"Is the Ethics of Business Changing?" asked professors Steven Brenner and Earl Molander in an eponymous 1977 article. In it, they compared the results of a situational ethics test that 1,200 HBR readers had taken the previous year with a similar test readers had taken back in 1961. They posed four hypothetical situations, asking in each case, first, What would you do?, and second, "What do you think your colleagues would do?" It's a quick test, and intriguing, and you can take it here right now:
Case 1: An executive earning $30,000 a year has been padding his expense account by about $1,500 (or 5%) a year. Is that
- Acceptable if other executives in the same company do it
- Unacceptable regardless of circumstances
- Acceptable if the executive's superior knows about it and says nothing
Case 2: Imagine you're president of a company in a highly competitive industry. You learn that a competitor has made an important scientific breakthrough that will substantially reduce, if not eliminate, your company's profit for about a year. If one of the competitor's employees who knew the details were available to hire, would you?
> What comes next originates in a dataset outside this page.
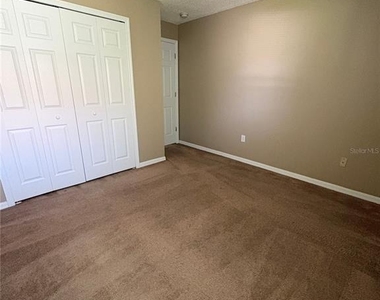 2932 Foraker Way - Photo Thumbnail 24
Case 3: The minister of a foreign nation where bribes are common asks for a $200,000 consulting fee in return for special assistance in obtaining a $100 million contract that would generate at least $5 million in profits. Would you
- Pay the fee, feeling it was ethical, given the moral climate of the nation
- Pay the fee, feeling it was unethical but necessary to ensure the sale
- Refuse to pay, even if you lose the sale
Case 4: On becoming a new member of the board of High Fly Insurance Co. (HFI) you learn that it's the officially approved insurer of the Private Pilots Benevolent Association, whose 20,000 members are automatically enrolled in a HFI accident policy when they pay dues. HFI pays a fee to PPBA for this privilege and gets access to the PPBA mailing list, which it uses to sell aircraft liability policies (its major source of revenue). PPBA's president sits on the HFI board, and the two companies are located in the same building. Would you:
- Do nothing
- Raise the issue in a private meeting with HFI's chairman
- Express opposition to this at a director's meeting but accept whatever position the board takes in response
- Express vigorous opposition and resign if corrective action were not taken
The answers were pretty clear and comparable in both years ? in other words HBR readers' moral compass had held pretty steady. In Case 1, more than 80% of respondents opted for option 3. In Case 2, opinions were divided pretty much 50/50. In Case 3 (which was only asked in 1976) a heartwarming 42% said they'd refuse to pay, 22% said they'd pay despite feeling it was unethical, and 36% would pay up with a free conscience. In Case 4, fully 55% said they'd do nothing at all, 29% would have a quiet word with the chairman, 16% would raise objections, but only 3% of them would do anything if action were not taken.
HBR readers back in the day saw themselves as somewhere in a middle ground, ethically ? less ethical than professors or doctors but more ethical than government officials, lawyers, elected politicians, and union officials (in that order). If there were a difference between the two groups, it was that HBR readers of 1976 were somewhat more cynical than their counterparts of 1961 in that they were more quick to attribute questionable behavior to their colleagues than to themselves.
That was a mistake, said Brenner and Mollander, suggesting that managers needed to reexamine a number of their unwisely held assumptions. You will face ethical dilemmas in which values will conflict, they warned; don't use that to rationalized unethical behavior. Don't expect ethical codes to solve your problems. And finally, they advised in the strongest possible terms, decades before the communications revolution let loose by the internet, don't deceive yourself into thinking you can hide unethical actions. If you wish to avoid being the victim of someone else's ethical code, make self-enforcement work.